C’est notamment la traduction du principe de l’article 26 de la loi du 10 juillet 1965 : 

L’assemblée générale ne peut, à quelque majorité que ce soit, imposer à un copropriétaire une modification à la destination de ses parties privatives ou aux modalités de leur jouissance, telles qu’elles résultent du règlement de copropriété.

Toutefois, comme je l’indiquais plus haut, le Règlement de Copropriété a un caractère contractuel. Donc, comme tout contrat, il peut être modifié de par la volonté de toutes les parties. 

Autrement dit, la destination d’un immeuble peut être modifiée si elle est décidée à l’unanimité de toutes les parties, donc ici, de tous les copropriétaires, et pas uniquement des présents et représentés à une Assemblée Générale donnée. 

Il est donc possible, via un vote unanime de tous, de modifier cette destination. 

La même règle s’applique lorsqu’il s’agit, même pour un seul lot, d’avoir un usage, donc une affectation, contraire au Règlement de Copropriété. 
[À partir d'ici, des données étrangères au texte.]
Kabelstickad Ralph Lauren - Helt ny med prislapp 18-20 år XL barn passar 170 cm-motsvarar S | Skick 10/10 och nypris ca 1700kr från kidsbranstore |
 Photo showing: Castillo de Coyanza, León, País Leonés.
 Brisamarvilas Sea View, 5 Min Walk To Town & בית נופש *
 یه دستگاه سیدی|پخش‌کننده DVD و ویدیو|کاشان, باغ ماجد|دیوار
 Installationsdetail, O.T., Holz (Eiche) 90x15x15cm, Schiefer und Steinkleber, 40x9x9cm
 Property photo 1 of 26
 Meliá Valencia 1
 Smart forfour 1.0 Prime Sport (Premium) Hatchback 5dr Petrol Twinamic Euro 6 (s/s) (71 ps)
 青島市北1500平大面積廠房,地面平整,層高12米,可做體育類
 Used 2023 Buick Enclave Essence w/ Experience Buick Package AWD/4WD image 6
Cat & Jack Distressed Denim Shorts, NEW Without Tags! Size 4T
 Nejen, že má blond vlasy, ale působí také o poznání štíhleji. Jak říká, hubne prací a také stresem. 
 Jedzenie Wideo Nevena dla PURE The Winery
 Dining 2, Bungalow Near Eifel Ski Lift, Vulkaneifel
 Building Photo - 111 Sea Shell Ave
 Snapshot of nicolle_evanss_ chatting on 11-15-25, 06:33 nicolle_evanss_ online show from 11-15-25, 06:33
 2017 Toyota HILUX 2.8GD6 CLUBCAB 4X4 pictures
Si vous voulez modifier l’affection du lot, donc son usage pratique, dans un sens non prévu par le Règlement de Copropriété, vous n’avez donc d’autre choix que d’obtenir un vote unanime. 

Ce qui sera quasi-impossible sauf dans une très petite copropriété, ne serait-ce qu’à raison de l’absentéisme habituel en matière d’Assemblées Générales. 

Je déconseille donc fortement d’acquérir un lot en pensant lui affecter un usage non prévu par le Règlement de Copropriété, car cela revient à être en contradiction avec ce règlement, avec des chances quasi inexistantes de changer la situation.